Parce qu’au départ aucun prestataire ne supporte le système, il faut aussi implémenter le système de découverte vers le tiers de confiance Mozilla, via une API que je n’ai pas vu décrite.
Pour gérer les navigateurs qui n’ont pas encore le mécanisme, il faut aussi implémenter une alternative similaire à OpenID qui se base sur des redirections http, des jetons et une authentification standard (le tout n’étant pas décrit dans ce que j’ai pu lire lors de mes recherches).
Que celui qui ose me dire que tout ça est simple se dénonce. Pourtant c’est l’argument présenté initialement. À côté, OpenID qui est jugé complexe par certain, fait presque rêver.
Not invented here
La solution met en avant un argument de simplicité par rapport à OpenID mais j’y vois bien plus un syndrome « not invented here » et une réinvention de la roue.
Au final l’alternative pour ceux qui n’ont pas Firefox ressemble bien à OpenID. On ne fait qu’y ajouter WebFinger. C’est une bonne idée mais il n’y avait pas besoin de recréer la roue pour ça : La liaison entre WebFinger et OpenID existe déjà.
Le tiers de confiance ? quitte à utiliser des tiers de confiance sur des certificats cryptographiques, on a déjà des certificats X.509 qui certifient l’identité par l’adresse email et qui se basent sur des tiers de confiance. Ces tiers de confiance on en a la liste dans tous les navigateurs et même si ça reste centralisé, ça l’est moins que de réinventer une liste de tiers de confiance « Mozilla ».

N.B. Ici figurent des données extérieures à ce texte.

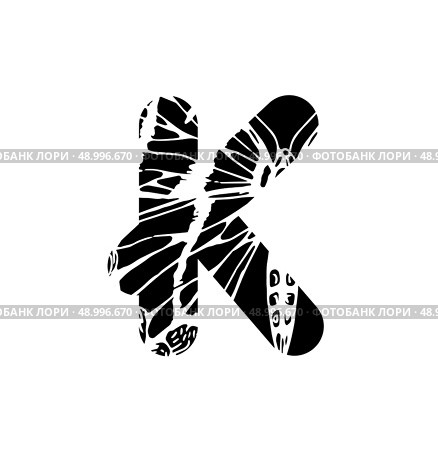 Vector alphabet. Sketchy creative letters collection hand drawn with ink pen for lettering posters, ads, headers, banners and more. Стоковая иллюстрация, агентство Ingram Publishing / Фотобанк Лори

Le push d’une authentification avec éventuellement une interface navigateur pour ne pas avoir plein d’aller-retours et un mauvais workflow utilisateur ? j’ai déjà WebID, qui a le bon gout de pouvoir simplement s’interfacer avec WebFinger et ne pas nécessiter un support aussi important du gestionnaire d’identité.
Je ne dis pas que toute cette pile de technos est simple. Elle ne l’est pas, et elle est en bonne partie toujours en conception. Mais en même temps la proposition de Mozilla aussi est complexe et toujours en gestation.

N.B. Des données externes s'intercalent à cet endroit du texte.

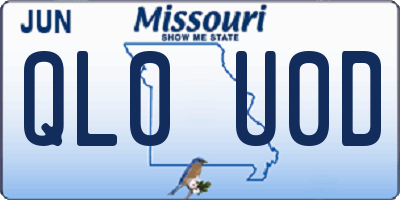 MO license plate QL0U0D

Plutôt que de réinventer la roue, faire une extension qui embarque OpenID dans le navigateur on l’espère depuis longtemps et ça résoudrait une grosse partie du problème.
Mieux, juste améliorer les interfaces qui permettent de gérer les certificats clients dans le navigateur permettrait d’implémenter WebID maintenant, tout de suite. Ça demanderait beaucoup moins de travail à tout le monde, que ce soit côté navigateur, côté gestionnaire d’identité ou côté consommateur d’identité. C’est là que j’attendais Mozilla.

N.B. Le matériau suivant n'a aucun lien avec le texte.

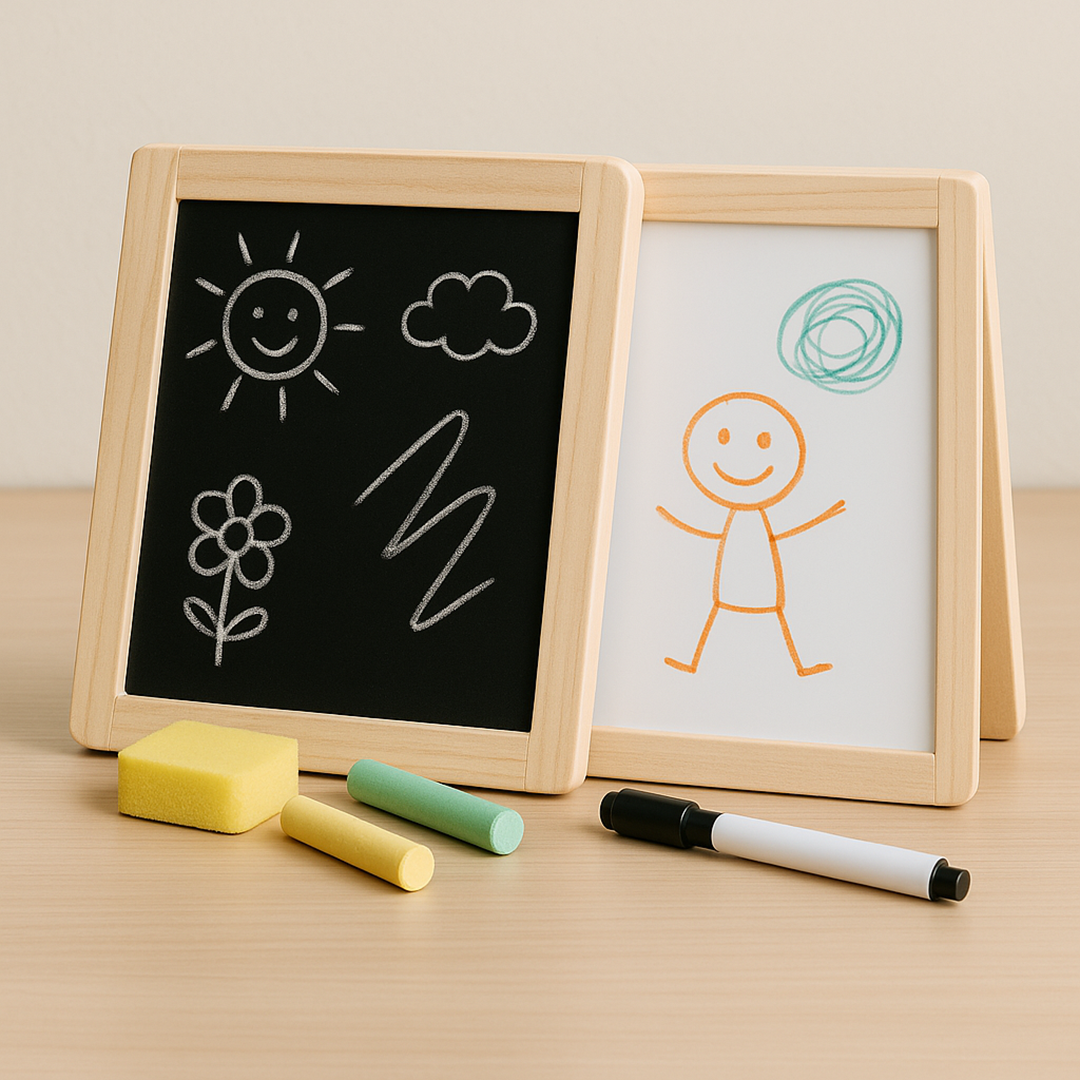 Tablica do Rysowania dla Maluchów – Dwustronna Tablica Kredowa i Biała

Pour ne rien gâcher il y a une standardisation W3C sur le sujet et la brique qui manque c’est vraiment l’interface navigateur. Se baser sur les travaux de standardisation en cours, ou y pointer dès maintenant ce qui pose problème plutôt que de faire son truc dans son coin, c’est aussi ça parler d’ouverture.
Tiers de confiance
Mais ce qui m’agace le plus c’est ce dont je parlais il y a peu : le web ouvert recule.
Le mécanisme choisit sera difficile à faire implémenter dans beaucoup d’organisations. Dans le meilleur des cas la progression sera lente. Mozilla a donc eu la bonne idée d’implémenter un mécanisme temporaire qui permette de passer par un tiers : le tiers de confiance.
Sauf que comme on le pointe avec pertinence, le système ne fonctionne que si on n’accepte pas n’importe qui comme tiers de confiance, que si la liste est réduite. À court terme le tiers de confiance est quasi obligatoire, donc tout le monde peut et doit se reposer dessus.
Vu le confort d’avoir un tiers de confiance vis à vis la complexité d’aller chercher la clef publique via WebFinger, autant dire que la plupart risquent de se contenter du tiers de confiance. On vient de réinventer le centralisé avec un saupoudrage de décentralisé dont il est évident qu’il ne sera que mineur pendant des années, si ce n’est plus.
La notion de tiers de confiance est un drapeau rouge qui doit immédiatement indiquer qu’on part dans la mauvaise direction. Il aurait fallu une solution décentralisée dès le départ, ou un réseau de confiance, ou un système de délégation, ou d’autres systèmes, mais ne pas encourager le démarrage en centralisé. Il est illusoire de croire qu’on en sortira.
OK, je vais aller plus loin, j’essaierai de passer du temps pour montrer quelles interfaces il manque et où Mozilla peut agir pour s’interface avec ce qui existe, mais il y a déjà un très bon aperçu au W3C. Bref, je vais tenter de décrire la voie qui selon moi serait à suivre histoire d’être aussi constructif.